Recorded data:

• • • • • • •

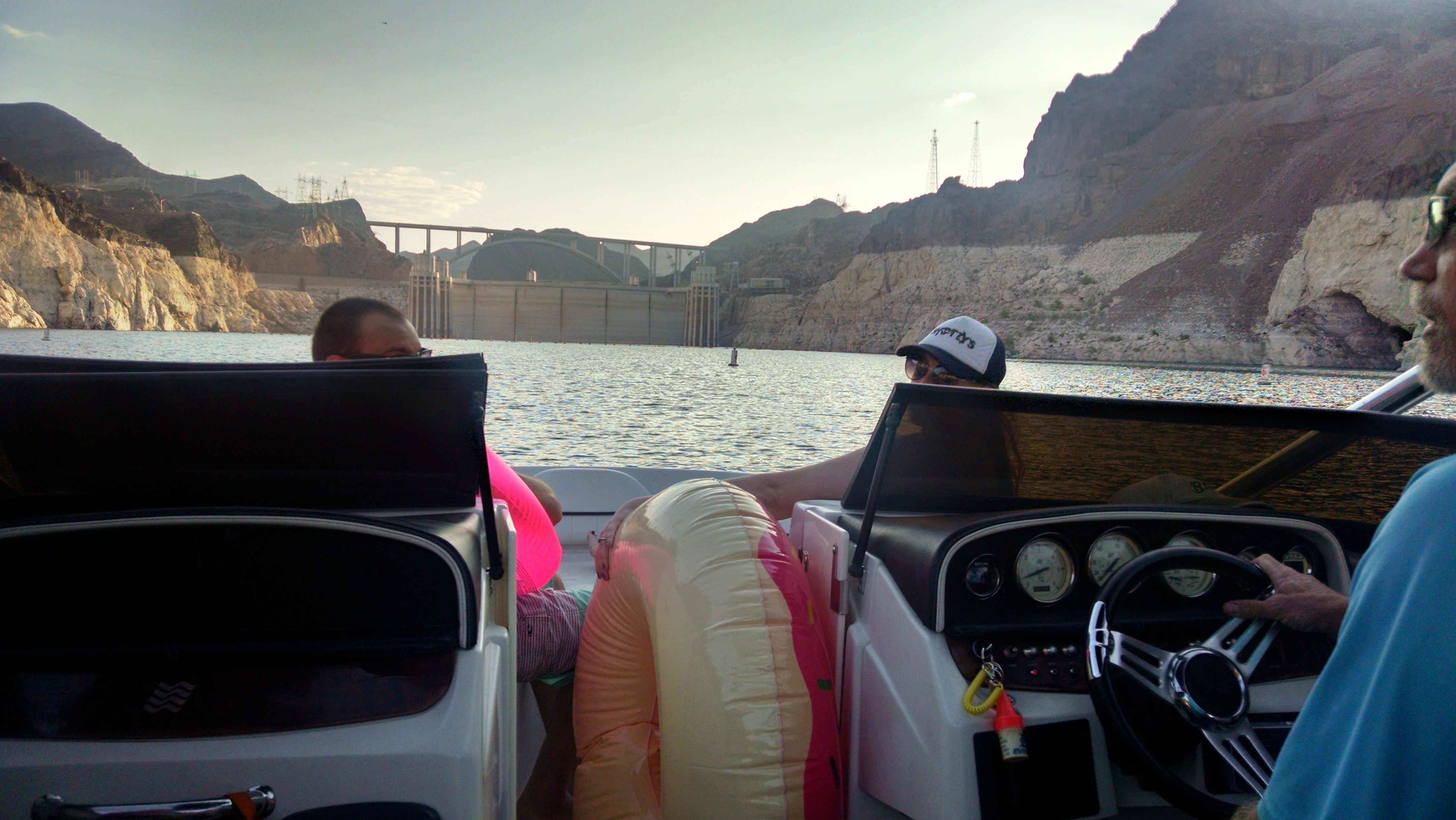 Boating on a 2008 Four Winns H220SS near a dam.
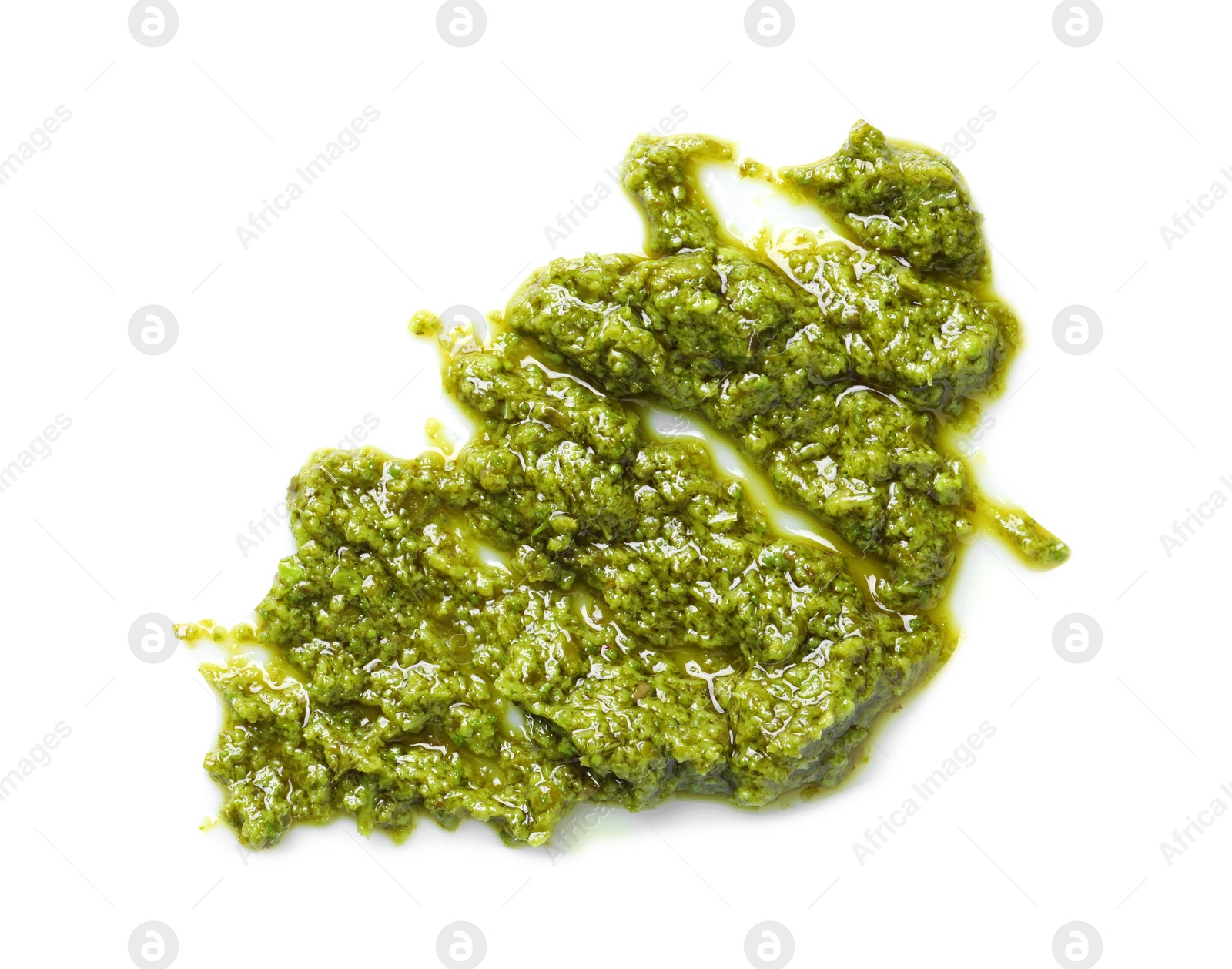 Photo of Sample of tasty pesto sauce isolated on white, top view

• • • • • • •

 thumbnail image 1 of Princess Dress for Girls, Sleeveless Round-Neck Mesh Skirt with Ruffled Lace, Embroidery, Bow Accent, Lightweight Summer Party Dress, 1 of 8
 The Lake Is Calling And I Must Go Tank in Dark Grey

• • • • • • •

How to complete this task: Pictures in the material above should be skipped; print exactly the lines from the one with "Boating on a" through the one with "Photo of Sample".

Task answer:
 Boating on a 2008 Four Winns H220SS near a dam.
 Photo of Sample of tasty pesto sauce isolated on white, top view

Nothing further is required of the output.